Phi-4-Mini-3.8B / README.md
drkameleon's picture
Duplicate from Mungert/Phi-4-mini-instruct.gguf
c8e078b verified
---
license: mit
---
# **Phi-4-mini-instruct GGUF Models**
This repository contains the **Phi-4-mini-instruct** model quantized using a specialized branch of **llama.cpp**:
🔗 [ns3284/llama.cpp](https://github.com/ns3284/llama.cpp/tree/master)
Special thanks to [@nisparks](https://github.com/nisparks) for adding support for **Phi-4-mini-instruct** in **llama.cpp**.
This branch is expected to be merged into the master branch soon, so once that happens, it's recommended to use the main **llama.cpp** repository instead.
---
## **Included Files**
### `phi-4-mini-bf16.gguf`
- Model weights preserved in **BF16**.
- Use this if you want to **requantize** the model into a different format.
### `phi-4-mini-bf16-q8.gguf`
- **Output & embeddings** remain in **BF16**.

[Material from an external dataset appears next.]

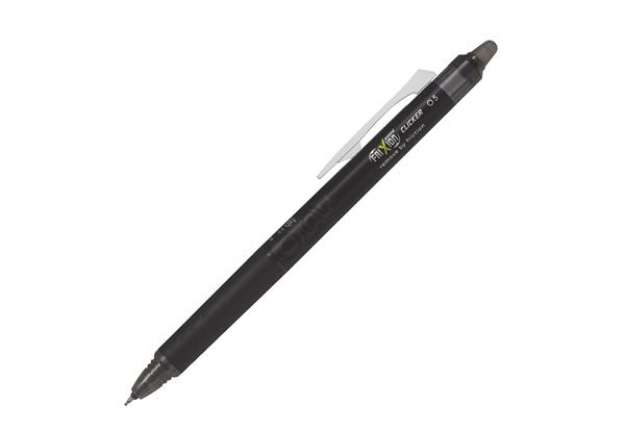 Immagine di Penna sfera a scatto Frixion ball clicker Synergy - punta 0,5 mm - nero - Pilot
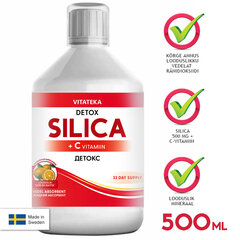 Ränidioksiid vedel toidulisand, 500ml hind ja info | Vitamiinid, toidulisandid, preparaadid tervise heaoluks | kaup24.ee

- All other layers quantized to **Q8_0**.
### `phi-4-mini-q4_k_l.gguf`
- **Output & embeddings** quantized to **Q8_0**.
- All other layers quantized to **Q4_K**.
- **Note:** No custom matrix quantization applied, so default **llama.cpp** quantization settings are used.
### `phi-4-mini-q6_k.gguf`
- All layers quantized to **Q6_K**, using **default quantization settings**.